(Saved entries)
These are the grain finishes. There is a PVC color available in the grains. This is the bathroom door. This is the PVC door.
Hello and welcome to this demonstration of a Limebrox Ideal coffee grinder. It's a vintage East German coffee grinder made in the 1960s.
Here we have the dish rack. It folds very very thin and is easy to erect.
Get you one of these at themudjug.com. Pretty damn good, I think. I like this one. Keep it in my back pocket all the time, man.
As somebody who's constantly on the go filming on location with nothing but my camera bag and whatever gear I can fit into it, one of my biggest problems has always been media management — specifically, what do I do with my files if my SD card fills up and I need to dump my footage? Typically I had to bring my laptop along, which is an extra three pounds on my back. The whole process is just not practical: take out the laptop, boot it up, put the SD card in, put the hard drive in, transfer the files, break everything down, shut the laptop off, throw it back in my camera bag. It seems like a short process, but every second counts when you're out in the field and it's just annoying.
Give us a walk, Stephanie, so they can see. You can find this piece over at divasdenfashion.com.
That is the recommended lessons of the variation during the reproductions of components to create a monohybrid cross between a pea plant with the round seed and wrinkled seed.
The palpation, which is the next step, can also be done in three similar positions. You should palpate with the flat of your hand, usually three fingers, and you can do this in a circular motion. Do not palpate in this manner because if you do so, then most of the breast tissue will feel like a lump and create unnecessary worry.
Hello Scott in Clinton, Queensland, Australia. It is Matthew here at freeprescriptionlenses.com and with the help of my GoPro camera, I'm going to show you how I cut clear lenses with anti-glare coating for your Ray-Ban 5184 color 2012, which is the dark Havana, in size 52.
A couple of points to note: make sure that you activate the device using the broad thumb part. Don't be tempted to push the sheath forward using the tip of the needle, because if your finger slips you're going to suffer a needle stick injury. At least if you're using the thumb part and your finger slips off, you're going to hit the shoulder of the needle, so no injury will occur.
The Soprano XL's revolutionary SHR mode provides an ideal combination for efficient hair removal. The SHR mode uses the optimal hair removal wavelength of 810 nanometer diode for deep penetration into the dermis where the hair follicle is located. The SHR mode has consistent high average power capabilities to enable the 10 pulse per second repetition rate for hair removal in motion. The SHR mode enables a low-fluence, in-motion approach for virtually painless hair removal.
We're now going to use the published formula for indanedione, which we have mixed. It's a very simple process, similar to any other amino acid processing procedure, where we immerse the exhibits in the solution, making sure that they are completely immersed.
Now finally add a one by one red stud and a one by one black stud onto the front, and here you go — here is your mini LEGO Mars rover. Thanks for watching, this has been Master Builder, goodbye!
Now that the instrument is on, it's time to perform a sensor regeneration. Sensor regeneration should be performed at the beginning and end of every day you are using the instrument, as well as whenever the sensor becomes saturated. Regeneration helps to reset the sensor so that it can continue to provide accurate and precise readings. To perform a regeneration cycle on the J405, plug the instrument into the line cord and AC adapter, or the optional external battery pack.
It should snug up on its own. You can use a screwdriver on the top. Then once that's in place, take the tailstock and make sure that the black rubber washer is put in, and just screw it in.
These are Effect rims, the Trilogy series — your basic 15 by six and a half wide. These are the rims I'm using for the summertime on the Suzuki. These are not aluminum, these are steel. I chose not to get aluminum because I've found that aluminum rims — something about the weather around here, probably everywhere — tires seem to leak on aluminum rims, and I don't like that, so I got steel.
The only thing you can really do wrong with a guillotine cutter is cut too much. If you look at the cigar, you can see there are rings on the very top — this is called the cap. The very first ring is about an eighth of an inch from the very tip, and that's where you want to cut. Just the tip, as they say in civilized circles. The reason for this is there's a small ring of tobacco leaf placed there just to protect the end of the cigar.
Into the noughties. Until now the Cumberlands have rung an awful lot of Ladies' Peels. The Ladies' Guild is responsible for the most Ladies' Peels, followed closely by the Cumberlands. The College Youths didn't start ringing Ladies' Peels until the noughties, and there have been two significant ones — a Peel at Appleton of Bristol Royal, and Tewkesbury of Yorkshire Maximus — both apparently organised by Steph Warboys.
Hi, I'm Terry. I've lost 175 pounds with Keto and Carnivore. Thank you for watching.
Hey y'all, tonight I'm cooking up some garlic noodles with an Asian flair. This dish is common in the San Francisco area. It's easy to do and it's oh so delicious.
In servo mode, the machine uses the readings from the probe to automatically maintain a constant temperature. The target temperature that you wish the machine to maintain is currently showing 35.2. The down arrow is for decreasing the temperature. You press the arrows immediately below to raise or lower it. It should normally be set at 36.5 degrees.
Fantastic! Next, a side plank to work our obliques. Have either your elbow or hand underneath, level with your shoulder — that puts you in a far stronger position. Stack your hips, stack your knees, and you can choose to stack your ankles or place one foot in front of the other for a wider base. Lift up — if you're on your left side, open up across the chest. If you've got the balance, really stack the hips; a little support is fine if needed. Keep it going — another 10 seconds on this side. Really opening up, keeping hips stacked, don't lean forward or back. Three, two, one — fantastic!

Problem to solve: Check each line in the data for the word "shoulder", then report only how many lines contain it.

Completed exercise: 2